Vivo en un pequeño pueblo de la ribera del Xúquer (Júcar), a los pies de la Sierra de Corbera, el primer contrafuerte montañoso que encontramos desde el mar hacia el interior y desde donde se ve la cumbre del Cavall Bernat, no la más alta, pero sí la más emblemática y conocida y la Creu del Cardenal.
Realmente toda mi ascendencia, hasta donde conocemos, es valenciana, pero mis abuelos fueron emigrantes, una familia humilde de labradores desplazados hasta tierras andaluzas. Mi abuelo estuvo cuarenta años haciendo de aquel pedazo de tierra seca y estéril, junto con cientos de valencianos que siguieron la misma ruta, campos de arroz con sus manos. De hecho él decía que era mitad hombre y mitad pez porque había pasado la mitad de su vida dentro del agua de aquellos campos.
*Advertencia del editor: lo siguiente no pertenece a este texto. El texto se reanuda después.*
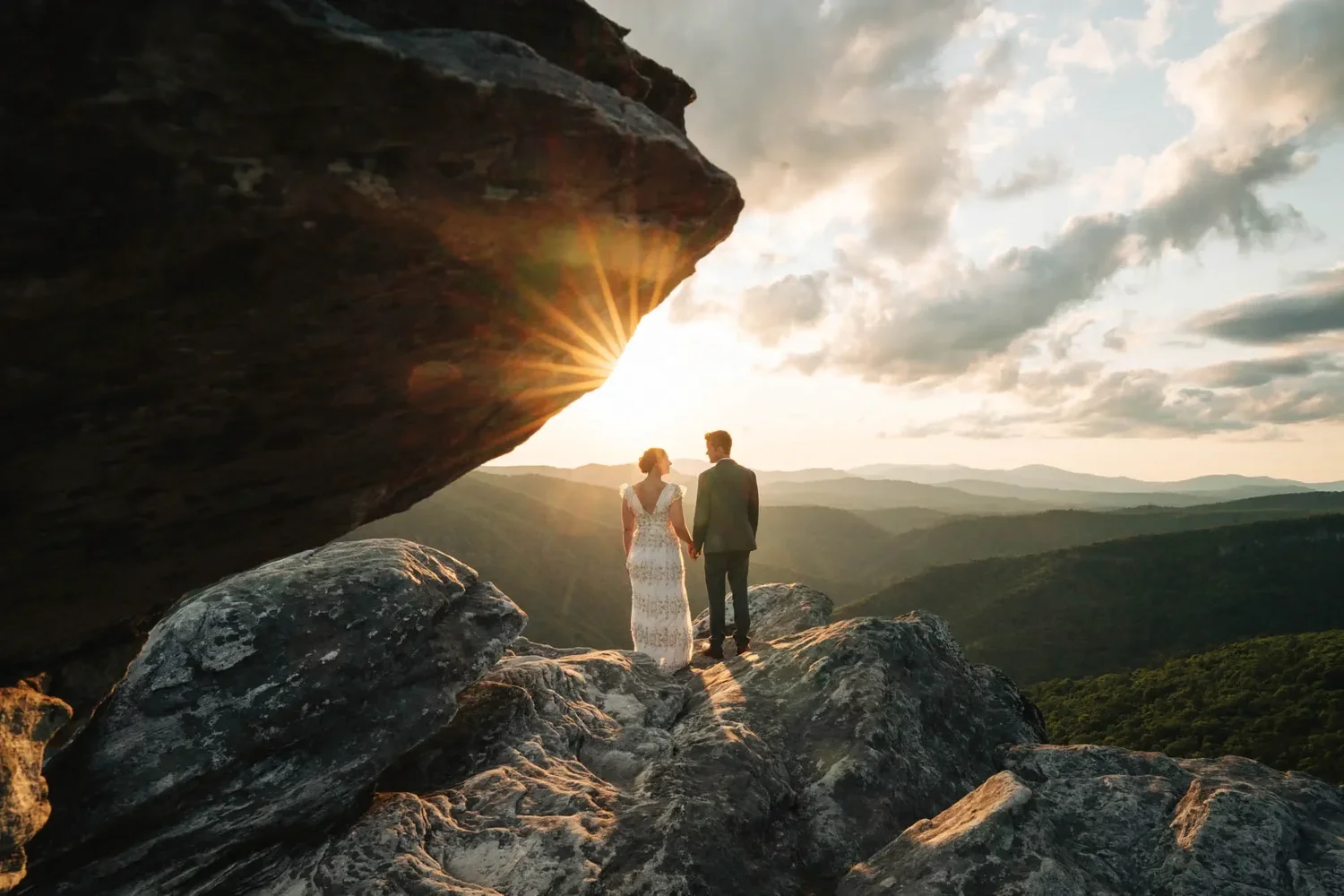 Mackenzie and Michael standing together during sunset portraits on Hawksbill Mountain.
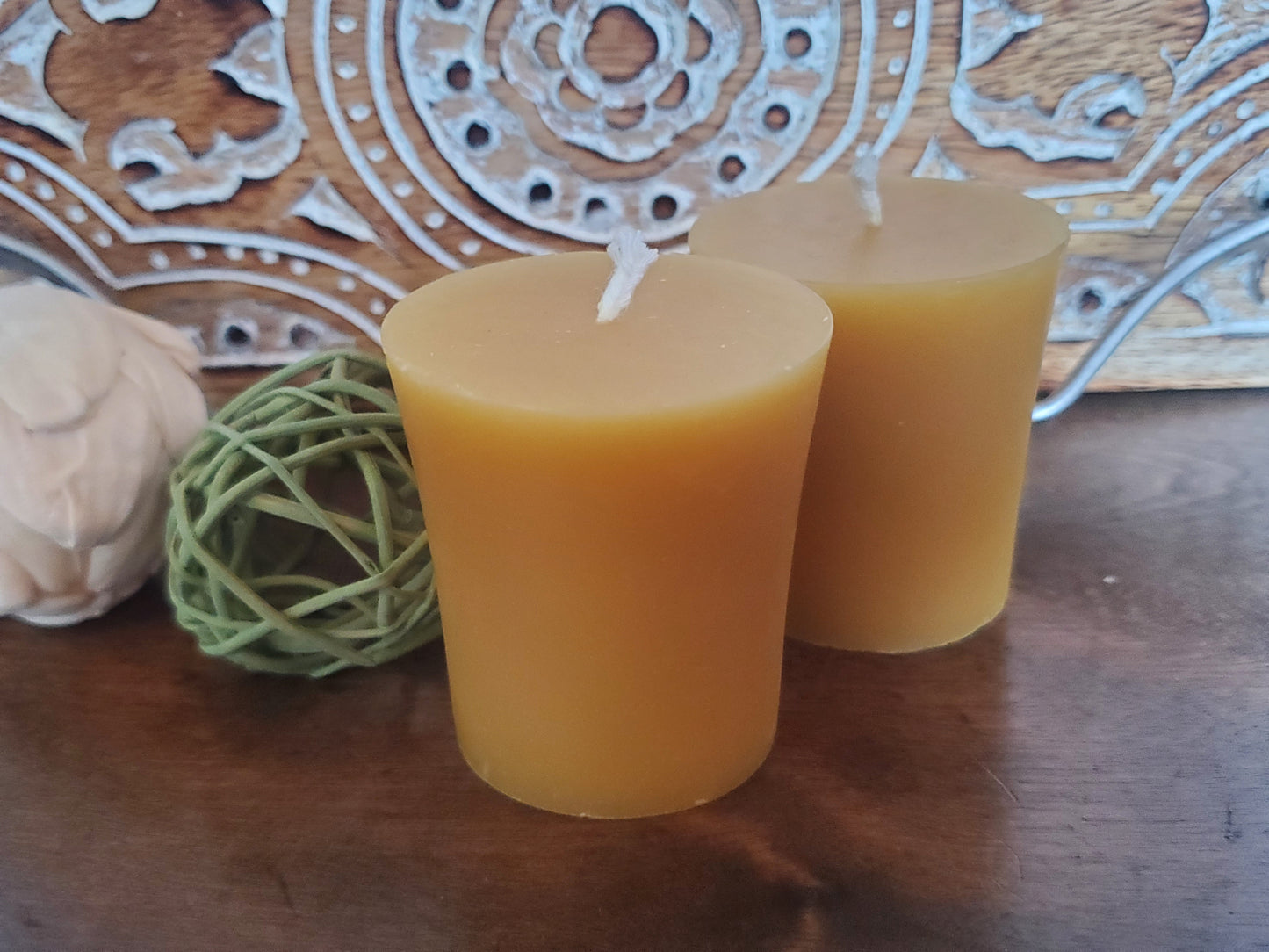 Two beeswax candles on a wooden surface with decorative elements in the background.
Si habéis leído el libro Cañas y Barro o La Barraca de Blasco Ibáñez sabréis a qué tipo de trabajo me refiero o incluso aquellos que hayáis vivido esto mismo que os cuento.
Me dejaron caer allí, en medio de aquellos surcos y así crecí escuchando hablar valencià en casa y en la calle castellano. Con el tiempo fuimos volviendo todos, yo a los 3 años ya estaba entre naranjos para entrar en el colegio. Mis abuelos volvieron, a morir en la tierra de sus padre. Todos volvieron.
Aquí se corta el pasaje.